ÚLTIMA PAULINISSE - Derradeira parte de um mosaico inacabado

Este blog nunca vai sair do ar, se depender de mim, mas não mais postarei textos novos aqui, salvo na hipótese de eu conseguir publicar um livro com algumas das postagens contidas neste cantinho que há cinco anos é minha válvula de escape para o infinito. Não lembrava, mas quando criei este espaço, na primeira postagem eu disse que ele a realização de uma meta pessoal estabelecida no final do ano anterior. Eu descontinuo as postagens mais ou menos pelo mesmo motivo. Tenho vontade de publicar algo em papel e nada melhor para começar essa vida do que aproveitar o que já produzi.

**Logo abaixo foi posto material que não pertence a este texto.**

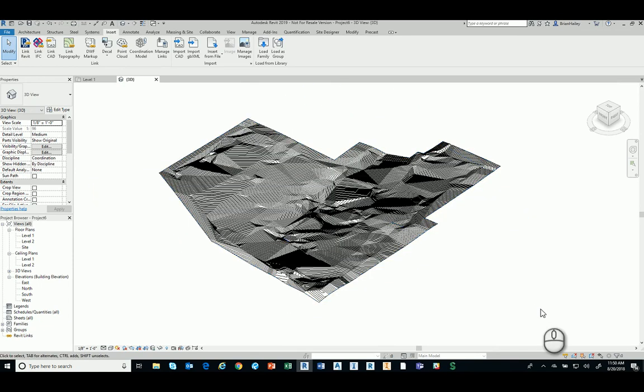Now, my understanding is, is this Revit topo is exactly the same as the civil 3D surface, which has been an issue in the past. You bring a civil 3D surface into Revit topo, and they don't match exactly. This process, according to what I've read, should match them exactly.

Foram cerca de 71 mil visualizações nessa meia década. Não significa que cada pessoa que abriu o blog leu um texto todo (tão pouco se gostou), mas é alguma coisinha. Quando eu tinha tempo e disposição pra ser um blogueiro mais ativo eu consegui uma média de 3 mil visualizações/ mês e encerro com menos de um terço disso, um dos motivos pelos quais tomei essa decisão de parar. Se eu não tenho como alimentar regularmente nem como divulgá-lo como se deve, vou continuar publicando aqui pra quê? Se eu quisesse escrever só pra mim e meus amigos mandaria os textos por email ou registraria só no meu PC. Óbvio que criei blog pra que muitas pessoas leiam as porcarias que escrevo.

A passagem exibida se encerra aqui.